## The problem
Copy out the listing below exactly, please, and skip any pictures.

## Data shown

>>>>>

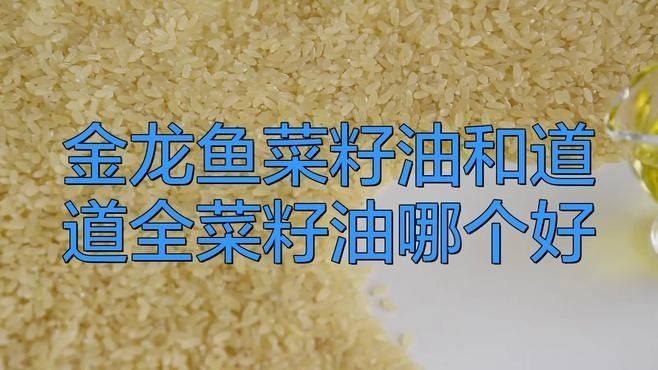 金龍魚和道道全哪個更健康？ 金龍魚和道道全哪個更健康？ 龍魚百科 第1張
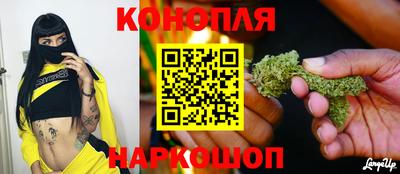 эйфоретик Пугачёв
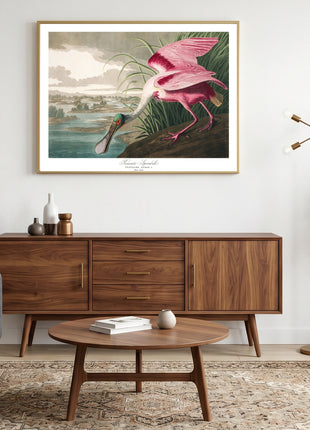 Roseate Spoonbill  Vintage Print — From John James Audubon’s Birds of America (1827–1838). Unframed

<<<<<

## Answer to the problem
 金龍魚和道道全哪個更健康？ 金龍魚和道道全哪個更健康？ 龍魚百科 第1張
 эйфоретик Пугачёв
 Roseate Spoonbill  Vintage Print — From John James Audubon’s Birds of America (1827–1838). Unframed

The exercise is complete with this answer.